Но глаза девушки, прозрачные, словно два аквамарина чистейшей воды, в обрамлении антрацитовых ресниц, смотрели на него так мрачно, что итальянец смутился.

— Ладно, извини, если что не так… Но ты изумительно хороша и наверняка сама это знаешь. Мы, южане, как никто другой чувствительны к красоте, в особенности женской. Наверное, именно поэтому конкурс «Лицо года» решили провести именно здесь, в Риме.

— Да нет, это ты прости меня. — Памела улыбнулась, уже досадуя на себя. — Вероятно, правду говорят, что мы, американки, малость чокнутые… А журналистки тем более.

От мимолетной улыбки, обнажившей ровные белые зубы, лицо девушки словно засветилось изнутри, а миндалевидные глаза под изогнутыми бровями засияли.

— Ого, да ты умеешь улыбаться! — расцвел Джанни. — От души советую, кури поменьше — зубки у тебя чудесные, еще испортишь.

— А я жую «Риглиз», — беспечно пожала плечами Памела, — и дважды в день хорошенько чищу зубы. Репортеры почти все сплошь дымят как паровозы, и я не исключение.

По крайней мере, последние пять лет…

Заметив, что лицо собеседницы вновь омрачилось, молодой итальянец принялся шутить и балагурить, и вскоре Памела уже хохотала от души. От смеха тотчас ей стало жарко, и мешковатый свитер был сброшен.

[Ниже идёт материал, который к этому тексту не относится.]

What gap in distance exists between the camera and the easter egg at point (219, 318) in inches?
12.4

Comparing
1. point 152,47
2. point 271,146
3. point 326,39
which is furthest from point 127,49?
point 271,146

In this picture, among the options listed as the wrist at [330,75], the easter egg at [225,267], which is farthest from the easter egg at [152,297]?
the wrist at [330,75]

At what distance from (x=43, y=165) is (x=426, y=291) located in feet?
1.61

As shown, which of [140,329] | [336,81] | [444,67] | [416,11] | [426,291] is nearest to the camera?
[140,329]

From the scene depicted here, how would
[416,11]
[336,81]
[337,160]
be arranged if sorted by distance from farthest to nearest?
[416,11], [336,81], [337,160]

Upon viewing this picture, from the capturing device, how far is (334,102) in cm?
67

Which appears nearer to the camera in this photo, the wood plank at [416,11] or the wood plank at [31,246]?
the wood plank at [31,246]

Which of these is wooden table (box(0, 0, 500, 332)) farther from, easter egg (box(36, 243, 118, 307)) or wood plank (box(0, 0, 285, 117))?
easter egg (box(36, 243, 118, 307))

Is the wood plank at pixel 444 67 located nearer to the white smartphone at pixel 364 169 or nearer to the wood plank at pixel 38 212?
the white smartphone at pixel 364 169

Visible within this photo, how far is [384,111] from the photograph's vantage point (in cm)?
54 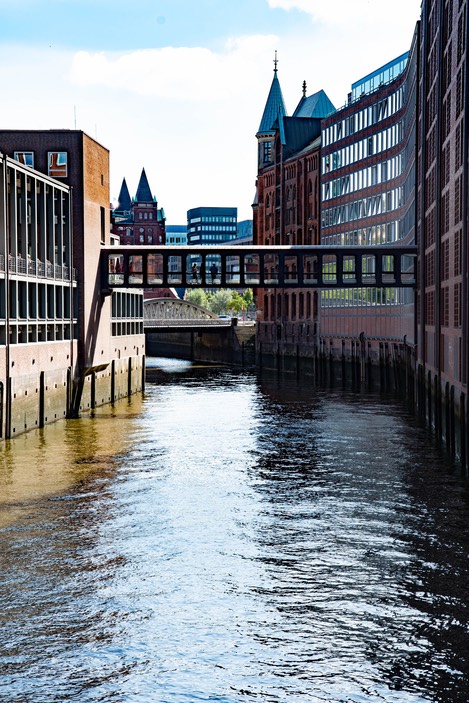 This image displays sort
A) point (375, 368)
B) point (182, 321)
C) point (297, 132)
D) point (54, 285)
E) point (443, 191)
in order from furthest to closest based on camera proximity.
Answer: point (297, 132) → point (182, 321) → point (375, 368) → point (54, 285) → point (443, 191)

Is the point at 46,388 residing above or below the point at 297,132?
below

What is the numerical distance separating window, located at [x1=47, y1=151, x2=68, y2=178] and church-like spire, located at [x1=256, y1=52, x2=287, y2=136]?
77506 mm

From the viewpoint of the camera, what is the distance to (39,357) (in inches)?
2351

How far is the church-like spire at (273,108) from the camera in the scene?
144m

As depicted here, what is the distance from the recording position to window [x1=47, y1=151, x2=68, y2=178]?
69000mm

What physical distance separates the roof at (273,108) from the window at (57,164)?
3033 inches

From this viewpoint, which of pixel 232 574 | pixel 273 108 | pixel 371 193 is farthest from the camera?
pixel 273 108

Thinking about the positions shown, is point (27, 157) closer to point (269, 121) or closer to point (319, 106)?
point (319, 106)

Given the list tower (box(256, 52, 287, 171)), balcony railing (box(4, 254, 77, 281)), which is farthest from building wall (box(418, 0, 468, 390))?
tower (box(256, 52, 287, 171))

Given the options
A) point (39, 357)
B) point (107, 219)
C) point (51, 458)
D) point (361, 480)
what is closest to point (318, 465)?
point (361, 480)

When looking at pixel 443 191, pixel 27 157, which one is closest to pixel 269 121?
pixel 27 157

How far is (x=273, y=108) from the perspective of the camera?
145750mm

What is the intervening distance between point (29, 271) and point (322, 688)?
143ft

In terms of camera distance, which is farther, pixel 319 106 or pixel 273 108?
pixel 273 108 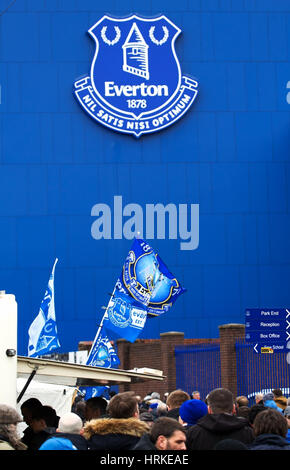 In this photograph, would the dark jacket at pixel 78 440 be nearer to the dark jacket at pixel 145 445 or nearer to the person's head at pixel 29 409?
the dark jacket at pixel 145 445

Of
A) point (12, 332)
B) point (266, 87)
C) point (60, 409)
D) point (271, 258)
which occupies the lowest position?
point (60, 409)

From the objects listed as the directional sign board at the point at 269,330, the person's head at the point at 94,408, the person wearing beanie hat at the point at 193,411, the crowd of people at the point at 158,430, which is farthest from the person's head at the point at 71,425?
the directional sign board at the point at 269,330

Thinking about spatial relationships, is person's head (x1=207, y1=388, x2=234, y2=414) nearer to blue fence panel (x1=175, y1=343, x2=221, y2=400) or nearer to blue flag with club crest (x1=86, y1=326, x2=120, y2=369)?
blue flag with club crest (x1=86, y1=326, x2=120, y2=369)

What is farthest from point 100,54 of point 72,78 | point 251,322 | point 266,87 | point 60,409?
point 60,409

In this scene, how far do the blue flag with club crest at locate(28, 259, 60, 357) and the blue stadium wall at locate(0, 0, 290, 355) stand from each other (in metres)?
10.4

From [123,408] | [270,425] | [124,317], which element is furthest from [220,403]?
[124,317]

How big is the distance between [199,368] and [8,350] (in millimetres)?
18233

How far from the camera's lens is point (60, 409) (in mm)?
14859

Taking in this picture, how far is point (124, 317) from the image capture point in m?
20.2

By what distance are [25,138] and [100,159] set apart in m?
2.58

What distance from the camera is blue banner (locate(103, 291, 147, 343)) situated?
64.8 ft

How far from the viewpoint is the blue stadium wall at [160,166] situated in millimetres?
32906

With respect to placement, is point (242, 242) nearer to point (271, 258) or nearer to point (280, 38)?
point (271, 258)

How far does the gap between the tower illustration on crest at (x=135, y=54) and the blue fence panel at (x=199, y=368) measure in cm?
997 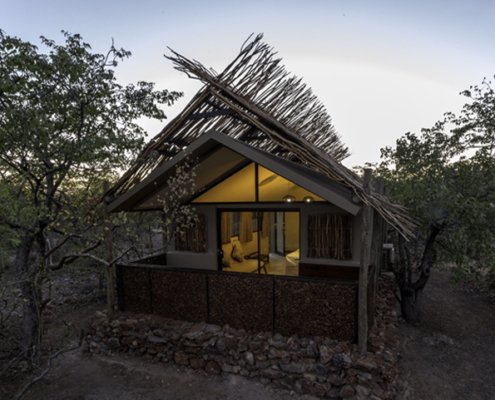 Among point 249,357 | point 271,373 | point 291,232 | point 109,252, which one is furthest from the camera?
point 291,232

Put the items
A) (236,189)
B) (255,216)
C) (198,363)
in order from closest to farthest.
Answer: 1. (198,363)
2. (236,189)
3. (255,216)

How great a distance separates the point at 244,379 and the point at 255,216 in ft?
13.3

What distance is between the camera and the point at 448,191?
19.2 feet

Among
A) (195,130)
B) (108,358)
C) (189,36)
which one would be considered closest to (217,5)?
(189,36)

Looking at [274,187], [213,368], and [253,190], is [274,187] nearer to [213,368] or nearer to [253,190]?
[253,190]

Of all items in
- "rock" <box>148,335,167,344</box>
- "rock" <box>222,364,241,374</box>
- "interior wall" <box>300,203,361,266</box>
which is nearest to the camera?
"rock" <box>222,364,241,374</box>

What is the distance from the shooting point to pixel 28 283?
210 inches

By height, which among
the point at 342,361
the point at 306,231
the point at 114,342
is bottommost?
the point at 114,342

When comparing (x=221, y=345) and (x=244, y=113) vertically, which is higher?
(x=244, y=113)

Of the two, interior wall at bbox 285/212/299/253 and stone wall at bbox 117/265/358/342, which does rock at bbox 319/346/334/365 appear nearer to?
stone wall at bbox 117/265/358/342

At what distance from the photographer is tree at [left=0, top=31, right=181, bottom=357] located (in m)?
4.31

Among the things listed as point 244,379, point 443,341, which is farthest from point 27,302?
point 443,341

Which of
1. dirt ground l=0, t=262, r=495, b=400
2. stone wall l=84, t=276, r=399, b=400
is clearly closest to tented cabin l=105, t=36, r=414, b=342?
stone wall l=84, t=276, r=399, b=400

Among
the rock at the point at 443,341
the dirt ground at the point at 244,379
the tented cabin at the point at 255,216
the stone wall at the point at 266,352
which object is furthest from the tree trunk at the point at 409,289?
the stone wall at the point at 266,352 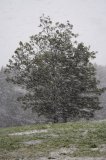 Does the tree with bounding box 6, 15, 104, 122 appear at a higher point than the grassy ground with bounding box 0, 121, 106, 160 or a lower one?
higher

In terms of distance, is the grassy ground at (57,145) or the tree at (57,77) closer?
the grassy ground at (57,145)

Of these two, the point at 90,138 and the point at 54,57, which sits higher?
the point at 54,57

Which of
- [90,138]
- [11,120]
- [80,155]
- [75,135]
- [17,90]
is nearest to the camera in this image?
[80,155]

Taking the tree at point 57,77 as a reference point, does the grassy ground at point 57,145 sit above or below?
below

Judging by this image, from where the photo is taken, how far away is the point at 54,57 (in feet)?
153

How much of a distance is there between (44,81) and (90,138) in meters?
25.4

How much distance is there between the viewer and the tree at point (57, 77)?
45.8 m

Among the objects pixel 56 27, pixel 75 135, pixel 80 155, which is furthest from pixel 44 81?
pixel 80 155

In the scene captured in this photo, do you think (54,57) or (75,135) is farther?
(54,57)

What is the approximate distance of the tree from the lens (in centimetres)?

Скользнув взглядом по груди девушки под белой маечкой, Джанни торопливо отвел глаза, не желая смущать гостью. Памела, впрочем, ничуть не смутилась — за два года работы в редакции она успела ко многому привыкнуть.

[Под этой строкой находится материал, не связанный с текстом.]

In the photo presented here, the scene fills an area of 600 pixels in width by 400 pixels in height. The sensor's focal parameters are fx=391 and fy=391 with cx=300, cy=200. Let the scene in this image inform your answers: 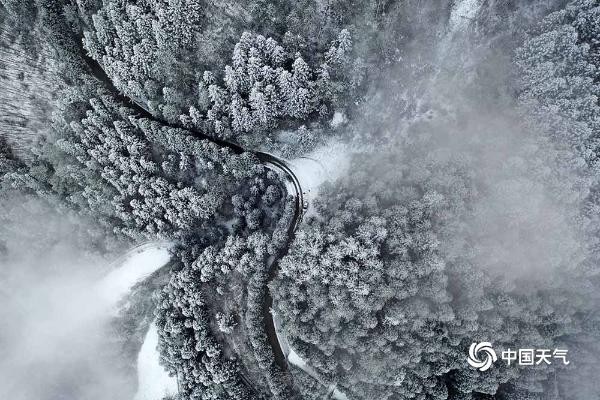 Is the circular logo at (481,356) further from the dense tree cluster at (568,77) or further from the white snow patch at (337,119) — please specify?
the white snow patch at (337,119)

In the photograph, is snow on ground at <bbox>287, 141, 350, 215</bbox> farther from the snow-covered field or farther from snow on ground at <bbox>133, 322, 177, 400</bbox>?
snow on ground at <bbox>133, 322, 177, 400</bbox>

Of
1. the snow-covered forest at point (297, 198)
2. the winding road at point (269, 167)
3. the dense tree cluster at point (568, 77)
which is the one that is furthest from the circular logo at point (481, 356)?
the dense tree cluster at point (568, 77)

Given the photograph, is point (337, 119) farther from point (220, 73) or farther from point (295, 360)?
point (295, 360)

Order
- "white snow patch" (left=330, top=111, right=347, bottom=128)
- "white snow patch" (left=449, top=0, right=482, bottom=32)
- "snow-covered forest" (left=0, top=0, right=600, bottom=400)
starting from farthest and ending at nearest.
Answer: "white snow patch" (left=330, top=111, right=347, bottom=128) → "white snow patch" (left=449, top=0, right=482, bottom=32) → "snow-covered forest" (left=0, top=0, right=600, bottom=400)

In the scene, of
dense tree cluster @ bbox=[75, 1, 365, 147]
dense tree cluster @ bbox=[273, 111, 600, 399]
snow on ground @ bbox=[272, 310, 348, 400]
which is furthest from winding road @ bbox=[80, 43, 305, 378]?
dense tree cluster @ bbox=[273, 111, 600, 399]

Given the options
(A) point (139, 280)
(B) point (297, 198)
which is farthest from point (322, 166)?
(A) point (139, 280)

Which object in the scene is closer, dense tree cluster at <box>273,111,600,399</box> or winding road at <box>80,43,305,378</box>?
dense tree cluster at <box>273,111,600,399</box>
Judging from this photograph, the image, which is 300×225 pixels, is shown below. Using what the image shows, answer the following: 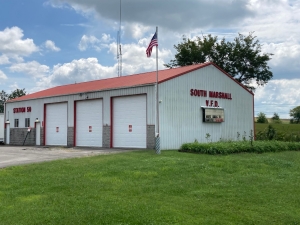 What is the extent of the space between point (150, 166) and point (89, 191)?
3963 millimetres

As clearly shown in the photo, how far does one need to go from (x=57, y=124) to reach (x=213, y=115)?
39.5 ft

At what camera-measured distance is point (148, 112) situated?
21.9m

Помимо внешности у девушки был ум, да и характер к тому же. Опытным путем выяснив, что никакие ухищрения вроде бесформенных свитеров в сложных ситуациях не помогут, Памела выработала особый взгляд. Некоторое время поупражнявшись, она довела его до такой степени совершенства, что любой мужчина под этим взглядом скукоживался и сникал, будь она хоть в бикини.

Мужская часть редакции скрежетала зубами, но поделать ничего не могла, разве что кое-кто обзывал ее за глаза снулой рыбой. Однако одного-единственного взгляда в аквамариновые глаза было достаточно чтобы убедиться в том, что это не соответствует действительности. Спору нет, многим она дала от ворот поворот, многие затаили на нее обиду.

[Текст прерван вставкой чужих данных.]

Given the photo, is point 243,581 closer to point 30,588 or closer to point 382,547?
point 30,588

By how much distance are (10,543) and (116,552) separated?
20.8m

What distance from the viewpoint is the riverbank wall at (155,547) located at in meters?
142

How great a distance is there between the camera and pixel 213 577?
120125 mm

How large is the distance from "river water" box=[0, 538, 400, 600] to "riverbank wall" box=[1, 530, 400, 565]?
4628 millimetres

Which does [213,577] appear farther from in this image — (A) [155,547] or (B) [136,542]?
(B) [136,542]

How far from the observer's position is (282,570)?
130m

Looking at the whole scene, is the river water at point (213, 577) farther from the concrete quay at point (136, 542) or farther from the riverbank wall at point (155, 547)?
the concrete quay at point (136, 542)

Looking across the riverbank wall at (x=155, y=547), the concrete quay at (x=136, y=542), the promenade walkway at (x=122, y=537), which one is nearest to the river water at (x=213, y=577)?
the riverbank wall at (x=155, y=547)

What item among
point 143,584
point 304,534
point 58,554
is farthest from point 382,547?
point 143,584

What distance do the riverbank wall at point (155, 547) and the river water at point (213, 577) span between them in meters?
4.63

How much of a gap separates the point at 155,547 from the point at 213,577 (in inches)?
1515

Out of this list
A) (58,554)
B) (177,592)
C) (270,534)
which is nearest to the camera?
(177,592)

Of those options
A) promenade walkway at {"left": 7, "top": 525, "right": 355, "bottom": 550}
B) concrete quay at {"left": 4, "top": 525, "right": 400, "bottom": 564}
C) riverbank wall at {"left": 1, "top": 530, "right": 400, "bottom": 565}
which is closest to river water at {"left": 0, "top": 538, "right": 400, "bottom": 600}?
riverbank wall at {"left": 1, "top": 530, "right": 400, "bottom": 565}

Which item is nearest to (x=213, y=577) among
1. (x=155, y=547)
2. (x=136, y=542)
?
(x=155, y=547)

Впрочем, Памела плевала на это. Она хоть и прослыла мужененавистницей, обладала недюжинным умом. К тому же были у нее и приятели мужчины, но не более того…

Джанни повезло: ему сразу удалось взять правильный тон в разговоре, и вскоре они уже болтали как закадычные друзья, обсуждая типичные редакционные проблемы вроде того, сколько разворотов в журнале отведут под репортаж о конкурсе красоты «Лицо года», на какую пленку лучше всего снимать при искусственном свете и тому подобное. Коллегам всегда есть что обсудить.

— Неужели работаешь одна? — уже в который раз спрашивал Джанни.

— А что в этом такого? — Памела положила ногу на ногу и с наслаждением потянулась. — Фотографировать меня научил дядя еще в детстве, а в школе я обожала писать сочинения. Лично мне кажется, что репортаж особенно удается, если и у снимков, и у текста один автор.

— Искренне завидую. Лично я до сих пор пишу с ошибками, — чистосердечно признался итальянец. — Да и слог оставляет желать лучшего… Ну ладно. — Джанни встал. — Позвольте, мисс, проводить вас в отель. А вечером, если захочешь, устрою тебе экскурсию.

— Посмотрим. Если днем удастся подремать, почему бы и нет? — улыбнулась девушка, вставая.

Походка у малышки обалденная, невзирая на ботинки по килограмму весом каждый, не меньше, отметил про себя Джанни. Вскинув на плечо увесистый кофр, девушка шла легко, при каждом шаге будто приподнимаясь на носочки, отчего ноги в голубых джинсах казались еще длиннее.

— Послушай, — полюбопытствовал Джанни, — ты часом не балерина?

— Попадание в десятку, — кивнула она. — С семи лет занималась классическим танцем, а потом как вымахала за год до метра семидесяти восьми, стала выше всех мальчишек… Словом, в пятнадцать лет моей балетной карьере настал конец. Пришлось спешно переквалифицироваться.

— Но ходишь ты словно прима, — искренне восхитился итальянец, любуясь стройной фигуркой, гордой посадкой головы и струящимся водопадом черных волос своей новой знакомой. — Кажется, мое сердце в опасности, моя жемчужина… — И умолк, ошарашенный.

Что произошло? Да ровным счетом ничего. Просто девушка взглянула на него через плечо, чуть вскинув подбородок.

Камея. Настоящая камея, но вырезанная из куска льда. Лицо, прекрасное, словно у богини, и столь же отрешенное. Глаза — точь-в-точь два холодных аквамарина в обрамлении темных ресниц… Только вот отчего-то эта завораживающая красота напрочь отбивала охоту к флирту, даже самому что ни на есть мимолетному. Куда легче было бы приударить за мраморной Афродитой.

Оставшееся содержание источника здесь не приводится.